The story of Captain Richard Phillips’ traumatic ordeal is already a fascinating one. What makes the film adaptation so appealing is the exceptional performances, led by veteran actor Tom Hanks. “Captain Phillips” contains all the suspense and excitement one would expect from such a harrowing tale of survival and courage, but sets itself apart with a studious character analysis heightened by rousing turns from each performer. Though the thrilling action is never far away, director Paul Greengrass wisely chooses to focus on the people involved, steadily building excitement from surmounting dangers befalling relatable and carefully crafted personas.
What begins as a routine transport mission for the crew of the cargo ship Maersk Alabama quickly escalates into a desperate bid for survival when Somali pirates attack the vessel. After receiving notification of pirate activity along the Somali coast, Captain Phillips (Tom Hanks) prepares his men by running drills and increasing security. When a skiff with four armed gunmen closes in on the Alabama, Phillips and his crew are initially able to keep their assailants at bay, but soon they must prepare for the worst as the pirates finally manage to board the ship. While Phillips attempts to outwit his captors and keep his crew hidden in the engine room, his men work to shut down the ship’s functions and foil the hijacking. But as the pirates rapidly lose patience with their prisoner’s games, their intrepid leader Muse (Barkhad Abdi) makes a critical decision that will change the fates of all involved forever.
It will be difficult for audiences to avoid comparisons to last year’s “Zero Dark Thirty,” considering “Captain Phillips” excels in the same areas: chilling adventure, political conflict, and a daring military operation.
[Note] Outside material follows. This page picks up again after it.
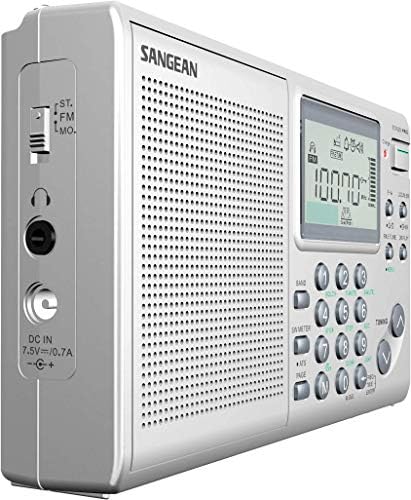 Sangean ATS-405 FM-STREEO/MW/LW/SW Receptor mundial sintetizado, cinco métodos de ajuste, banda completa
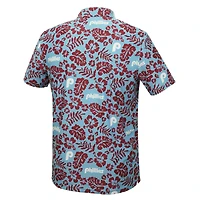Men's Reyn Spooner Light Blue Philadelphia Phillies Big & Tall Cooperstown Collection PUA Performance Polo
Similar too are the steady, lengthily sustained anticipation, attention to details, and breathtaking performances. Tom Hanks once again exhibits a depth and range that transcends the frenzied, action-oriented materials that director Greengrass repeatedly frequents (though the addition of an accent only draws attention to Hanks acting the part instead of inhabiting it, mistakenly assuming the distracting technique would add necessary realism). The supporting roles of the Somali hijackers are also incredibly convincing, adding handsomely to the nail-biting suspense.
Lurking somewhere in the id is the nagging questioning of the premise. It’s infuriating to see the escalation of the events, seemingly magnified through a single, simple folly – the lack of a gun. The setting is 2009, which is entirely too recent to permit such an oversight. And yet the recognition of the issue depends completely on forgiving or ignoring the circumstances of unpreparedness. Desperation and savagery, even when merged with disorganization and disorientation, instantly outpaces the vulnerable. Extreme close-ups, excessive camera movements, and small talk at the start can’t detract from swift foreboding as soon as Phillips boards his ship. The music by Henry Jackman also warns of the coming ordeals, summoning anxiety even when nothing extraordinary is taking place. While it contains a boat and pirates, “Captain Phillips” is no ordinary high-seas adventure – it’s an exhilarating ride with its own brand of swashbuckling furor.